Saturday, we decided to head out for a run. The weather wasn’t great, it was a bit on the cold side and windy. When we walked out the door I said to myself, “if I get uncomfortable, I am going home.” At the same time Emily as having some nausea issues and wasn’t feeling it either. Regardless of the discomfort, we started the run.
As we got up the road from the house, the wind blew hard and bit any part of my exposed skin, but we went on. By the end of the first mile, the weather wasn’t as painful. Overall we were at the start of a pretty good run and finding new paths to explore.
By mile three we found our way into a park we hadn’t seen before and were able to run through an arboretum and do a little trail running.
From mile 3 to mile 6 we ran through a couple of neighborhoods looking at some houses.
Rounding out the first 10k, we were in the park near our house and by that point decided that we might as well finish off the 8 miles we had planned. By the time we got back to the house I had logged 8.5 miles and had gas left in the tank to keep going. I am really excited about todays run and feel like I owe a lot to the cycling I have been doing for the lack of muscle fatigue in my legs and my calmer than normal heart rate.
At around 7.5 Miles I took this picture. This is when we figured out that we were both developing a blister on our right feet.
At the beginning of the run when Emily was showing off her, I don’t feel good face.
Sunday morning we ran outside for the first time in over 2 months. We were both a little nervous to see if our indoor training would prove sufficient when we actually on the road. All of those hours on the treadmill was surely going to pay off, right?

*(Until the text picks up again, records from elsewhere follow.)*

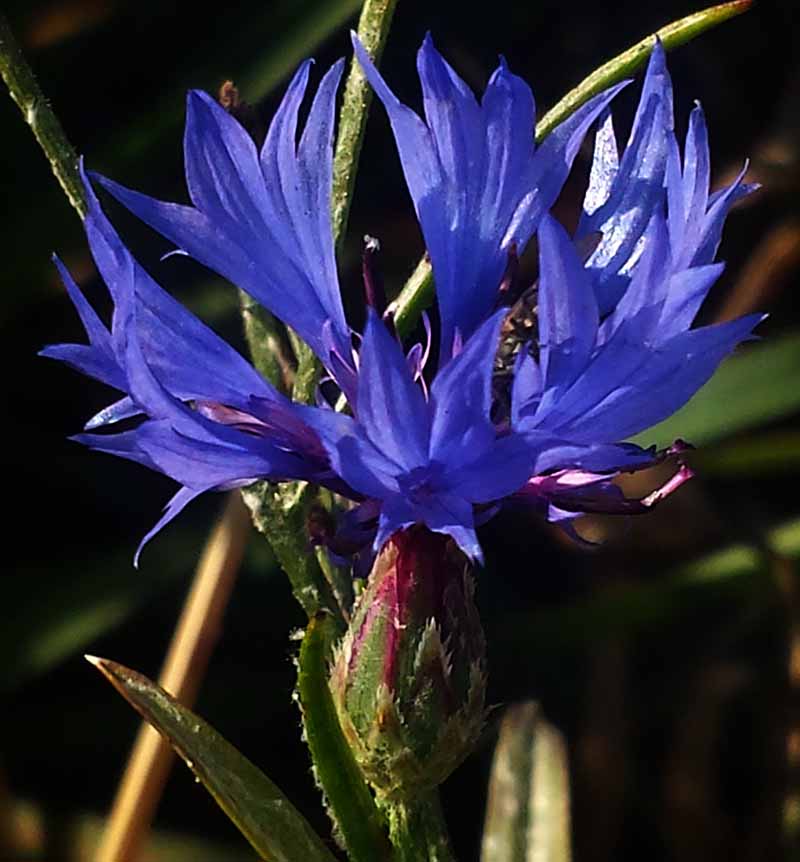 Cyanus segetum (= Centaurea cyanus) #51995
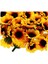 [gui Xulian] 200 Adet Yapay Ayçiçeği Küçük Papatya Gerbera Çiçek Başları Düğün Dekor Için (Sarı ve Kahve) (Yurt Dışından) 5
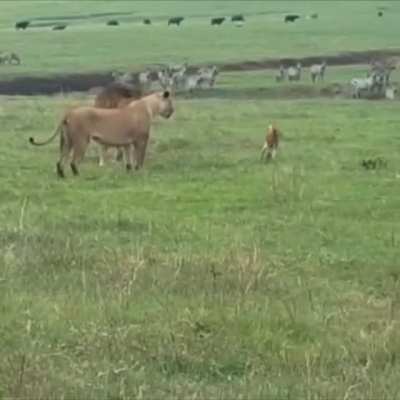 This dog’s courage to bite lions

With our new Nikon Coolpix AW120 camera in hand, we hit the roads. We wanted to test the quality of the VR system, so all of our pictures were taken while running. We snapped over 130 pictures and less than 10 were blurry. (To be honest, Nick carried the camera on the run. I cannot take credit for these pictures.) Although, I was very impressed with the sharpness of the pictures and ability of the camera to focus even while being jostled around.
Our goal for the day was to run a minimum of a 10k, and we did just that. We climbed hills, welcomed descents, and dodged sheets of ice on the sidewalks. We couldn’t have asked for better weather, either. The sun was bright, the sky was a beautiful blue, the temperature cool enough to keep us from becoming overheated yet not too cold, and the wind was bearable not strong enough to slow us down.
The run was fantastic! Our training in Houston was flat, with our largest elevation gain of an entire run approximately 100 feet. The topography is definitely different in Wisconsin. We powered through one hill that was 100 feet elevation change, nearly half of our overall 200+ feet elevation gain. Nick and I were ecstatic about our pace and the ability to overcome the hills.
All of that hard work on the treadmill and bike trainer were really paying off. We maintained a good pace, our legs weren’t tired, and at the end of the run we both felt like we could’ve kept going. Not wanting to overdo it, we decided a 10k was a fair distance and we would have ample opportunities in the near future to run outdoors.
I’ve been wanting to buy a camera to take on our runs and bike rides for almost a year now. After researching the shockproof, waterproof cameras available, I’ve had my eye on the Nikon Coolpix AW120. Since the weather is beginning to warm up, making outdoor running possible, we finally purchased the camera yesterday. We have been shooting with DSLRs for several years, but these are too difficult, awkward, and heavy to carry on a run or bike ride. And, there is another reason persuading us not to take the DSLR for use while running, the cost of replacement is just TOO high.
Note, the new NIKON COOLPIX AW130 is said to release this month, reducing the price of the AW120 by over $100 dollars. I momentarily considered waiting for the new AW130, but the upgrades are minimal (at least to me) and I was happy to pay less for a great camera.
Pretty standard stuff – camera, battery, USB cable, AC adapter, camera strap, brush (what am I intended to brush?), and Quick Start Guide. I have to say, I do like that the AC adapter has the foldable prongs, making it more convenient for storage and travel. The guide recommends charging the battery for approximately 2 hours and 20 minutes before starting, although the camera did show the battery to have a charge.
After the battery was fully charged, we wanted to see how the camera would perform. We took the dogs on a walk in a nearby park and neighborhood and snapped a few pictures along the way. Some shots were still and others were taken while walking. As you can see, the camera does a pretty good job of focusing even while in motion.